> _Task directions_
This exercise asks for the entries to be repeated exactly, without their images.

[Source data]
*** Begin section ***

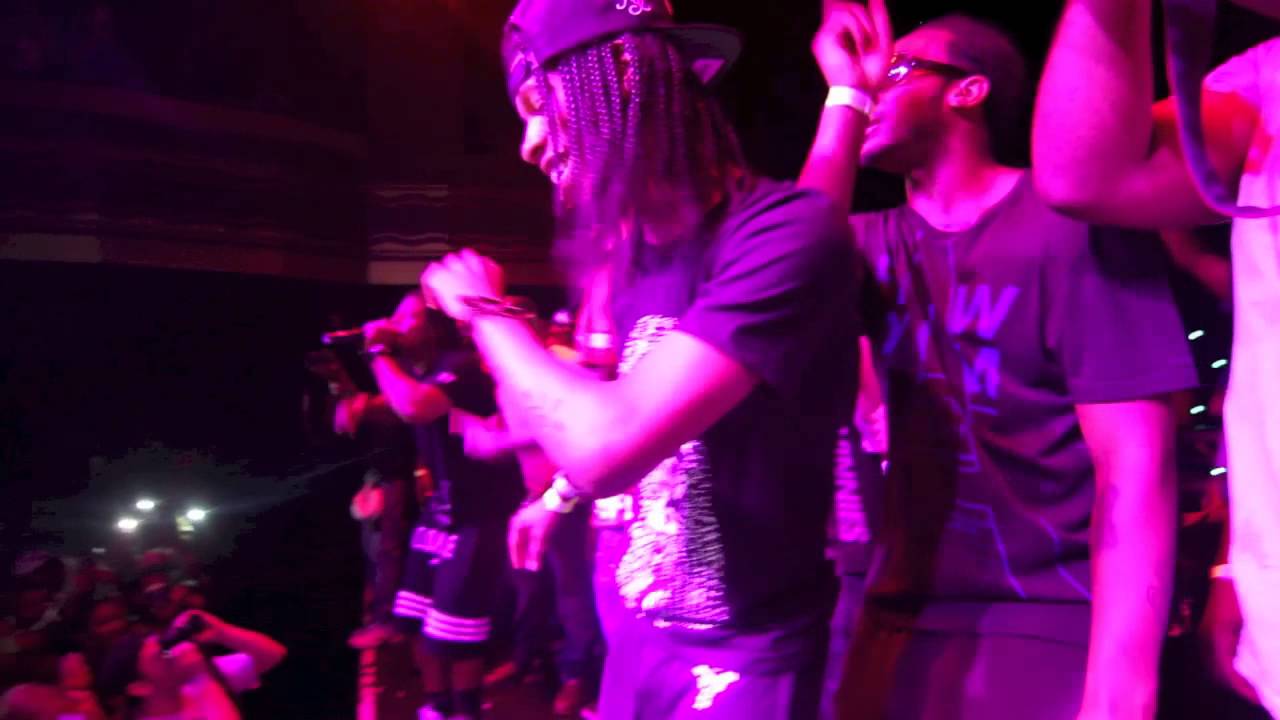 Rowdy Rebbel & Bobby Shmurda of GS9 Perform SHMONEY DANCE  at Webster Hall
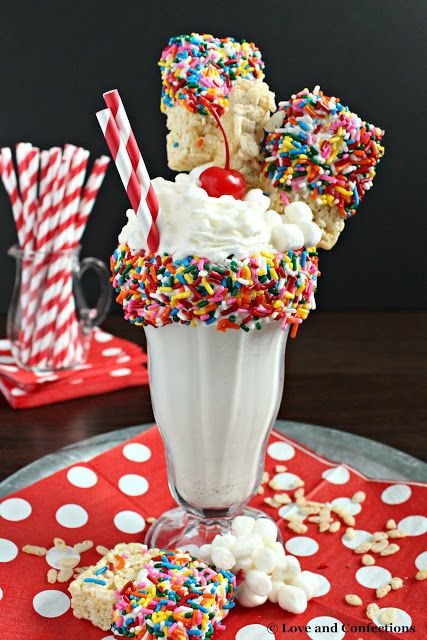 Monster Milkshakes, Rice Krispies Treat, Milkshake Recipe Chocolate, Rainbow Rice, Candy Drinks, Yummy Ice Cream, Milkshake Recipes, Think Food, Food Drinks Dessert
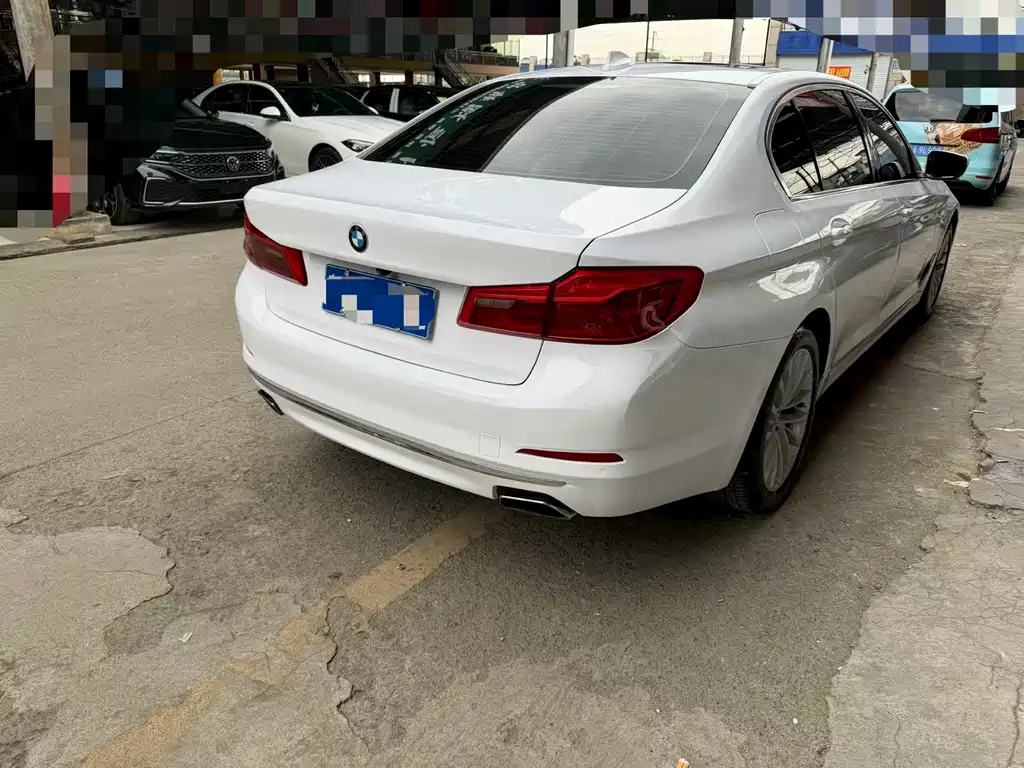 BMW 5 Series 2018 — фото 14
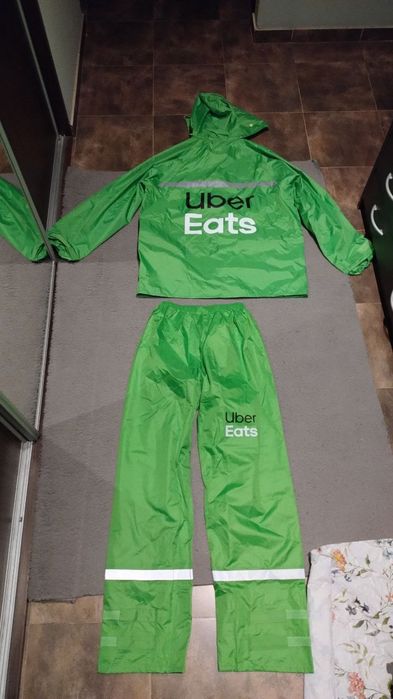 Odzież przeciwdeszczowa Uber Eats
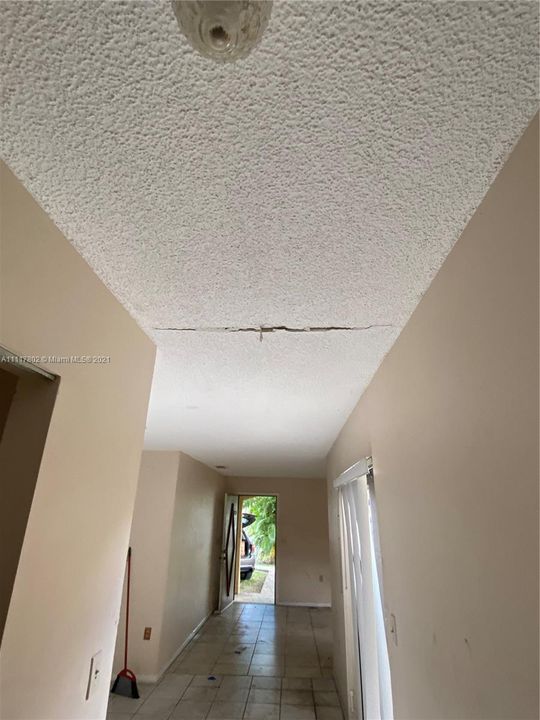 Vendido Recientemente: $210,000 (3 camas, 2 baños, 1596 Pies cuadrados)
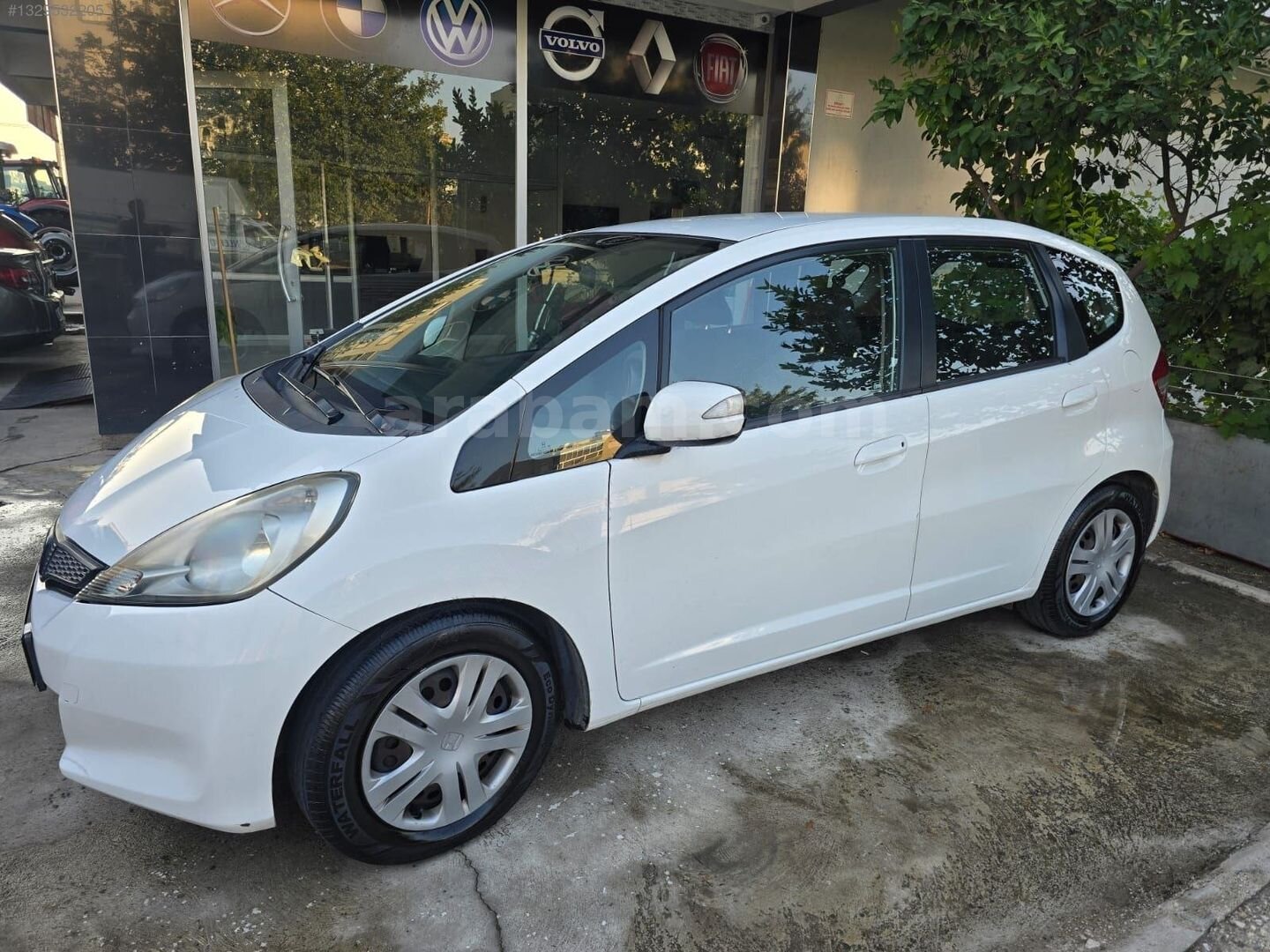 Galeriden Honda Jazz 1.4 Fun 2012 Model İzmir 181.000 km Beyaz 4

*** End section ***

> _Task answer_
 Rowdy Rebbel & Bobby Shmurda of GS9 Perform SHMONEY DANCE  at Webster Hall
 Monster Milkshakes, Rice Krispies Treat, Milkshake Recipe Chocolate, Rainbow Rice, Candy Drinks, Yummy Ice Cream, Milkshake Recipes, Think Food, Food Drinks Dessert
 BMW 5 Series 2018 — фото 14
 Odzież przeciwdeszczowa Uber Eats
 Vendido Recientemente: $210,000 (3 camas, 2 baños, 1596 Pies cuadrados)
 Galeriden Honda Jazz 1.4 Fun 2012 Model İzmir 181.000 km Beyaz 4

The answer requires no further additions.